Has anyone been down this road before, or maybe can throw an idea or two my way?
I found where someone had provided a link to a technical manual for the LA100/110/120/130 from 2002 and so I printed out the wiring diagrams, wiring harness diagrams, and PTO/RIO troubleshooting pages for the LA130, hoping they would be close enough to my LA140. I noticed a couple of discrepancies but plowed on. I have an Electrical Engineering degree and have been an instrumentation and control engineer for an oil field services company. I've had to spend weeks going through equipment manuals loaded with wiring diagrams in order to tie an external control system in and didn't think that these five or six pages would present any problem but I was wrong. It didn't help that some of the diagrams were labelled incorrectly and that the diagnostic steps must have been written by an unpaid intern judging by all the mistakes and left out steps, but after an entire afternoon of checking I still hadn't found the problem.
As I was calling it quits for the evening I climbed on the tractor to back it into the garage and started it. At a whim I put it into reverse (automatic) but kept the parking brake on, pushed the RIO button and held it, then engaged the PTO and the dang thing roared into life. I listened to it a bit, then let go of the RIO button and pushed the pedal barely over into forward, and the PTO remained engaged and the engine never sputtered. I switched the PTO in and out a couple of times to see if my luck would hold (because I really hadn't changed anything except the 20A fuse and unmating/remating some connections) but about the time I thought I'd go out and finish mowing the yard the PTO clutch disengaged of its own volition even though the engine kept an even note. I worked the PTO switch in and out a few times with no success at engaging the PTO clutch and the engine continued to run. I switched the ignition to OFF thinking I'd do some more checking, but when I discovered the PTO switch (S2) had the same two terminals fried, I decided I'd had enough for one day. I tried to crank the engine again, once more with the idea of backing it into the garage, and the starter made no noise. I found the 20A fuse also blown again.
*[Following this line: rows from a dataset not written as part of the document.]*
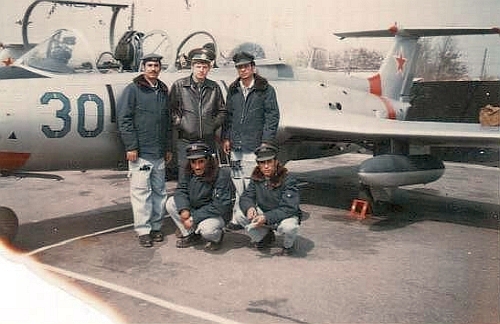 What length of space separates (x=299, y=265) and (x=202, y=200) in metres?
1.21

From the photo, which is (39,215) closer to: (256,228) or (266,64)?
(256,228)

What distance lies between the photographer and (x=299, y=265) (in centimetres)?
493

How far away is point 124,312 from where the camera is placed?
3.75m

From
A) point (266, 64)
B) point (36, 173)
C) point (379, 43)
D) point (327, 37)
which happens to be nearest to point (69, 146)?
point (36, 173)

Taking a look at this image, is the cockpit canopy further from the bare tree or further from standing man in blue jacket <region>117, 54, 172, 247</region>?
the bare tree

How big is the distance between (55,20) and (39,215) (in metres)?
2.59

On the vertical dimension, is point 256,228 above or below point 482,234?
above

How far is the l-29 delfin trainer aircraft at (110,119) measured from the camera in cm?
543

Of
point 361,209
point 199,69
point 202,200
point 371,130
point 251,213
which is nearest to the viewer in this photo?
point 251,213

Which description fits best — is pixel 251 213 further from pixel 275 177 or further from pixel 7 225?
pixel 7 225

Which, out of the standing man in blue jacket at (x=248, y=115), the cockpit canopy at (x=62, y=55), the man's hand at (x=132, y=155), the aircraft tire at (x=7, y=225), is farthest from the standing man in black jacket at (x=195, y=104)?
the aircraft tire at (x=7, y=225)

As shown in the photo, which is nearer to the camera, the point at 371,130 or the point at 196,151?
the point at 196,151

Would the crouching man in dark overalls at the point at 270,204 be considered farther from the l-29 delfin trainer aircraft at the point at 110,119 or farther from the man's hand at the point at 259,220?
the l-29 delfin trainer aircraft at the point at 110,119

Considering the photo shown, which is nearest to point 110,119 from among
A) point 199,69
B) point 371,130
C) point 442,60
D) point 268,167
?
point 199,69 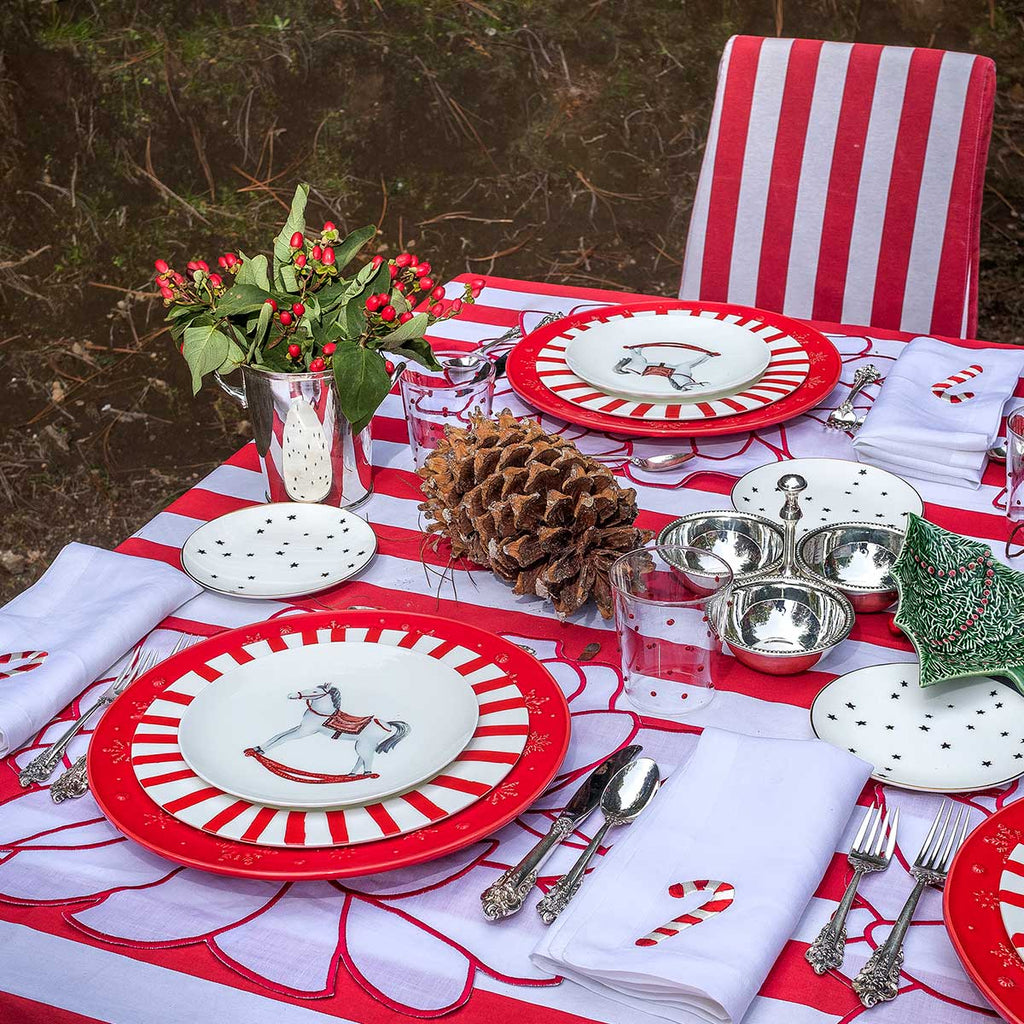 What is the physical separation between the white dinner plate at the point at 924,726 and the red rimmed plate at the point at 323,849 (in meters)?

The wiring diagram I have (for the LA130, I've ordered the CDs which cover the LA140 and yet another PTO switch just minutes ago) shows that the 20A fuse would be inline between the battery (not the Stator/voltage regulator) and the ignition switch, and those wires go on to land on the same terminals of the PTO switch that had melted (two different times) and from there through a harness connector (X5/X6), on to the PTO clutch itself. From the PTO clutch there is a fairly straightforward path to ground and also a splice which handles the RIO or magneto cut out switches and relays. When I checked earlier with my ohm meter positive lead on the PTO switch connector looking through the PTO clutch with my negative lead on the negative post of the battery I read something like 33.6 ohms, which should only produce about 357mA when powered up. Not enough to burn a 20A fuse or melt the PTO switch, but there's obviously a large current coming from somewhere.
Has anyone been down this road before, or maybe can throw an idea or two my way?